- _Required work_: None of the pictures should be copied, though every line of the listing must be printed exactly.

- _Data block_:
──────────────────────────────

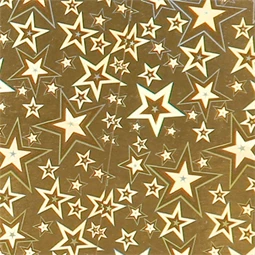 Dekorkarton 25x35cm Clairefontaine metal holografikus 195gr 5ív/csomag vegyes színekben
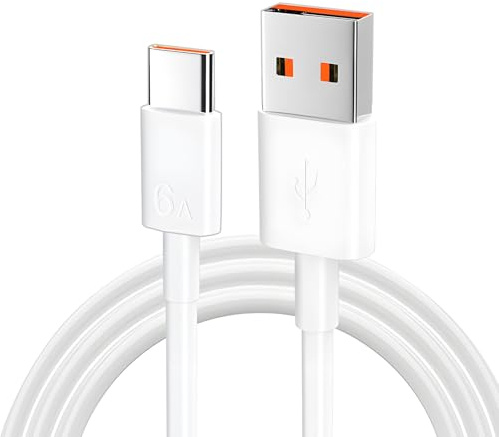 NUDVMUCH 120W 6A Cable USB Tipo C 1.5M para 14 13 Lite/13/13 Pro/13T 12T/12/11T 10T, Carga Rápida USB a USB C Cable 6A, para K60 Ultra Note 13, POCO X7 X6 Pro C75 C65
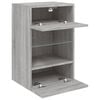 vidaXL TV Wall Cabinet Grey Sonoma Engineered wood Compact Modern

──────────────────────────────

- _Reply to the exercise_:
 Dekorkarton 25x35cm Clairefontaine metal holografikus 195gr 5ív/csomag vegyes színekben
 NUDVMUCH 120W 6A Cable USB Tipo C 1.5M para 14 13 Lite/13/13 Pro/13T 12T/12/11T 10T, Carga Rápida USB a USB C Cable 6A, para K60 Ultra Note 13, POCO X7 X6 Pro C75 C65
 vidaXL TV Wall Cabinet Grey Sonoma Engineered wood Compact Modern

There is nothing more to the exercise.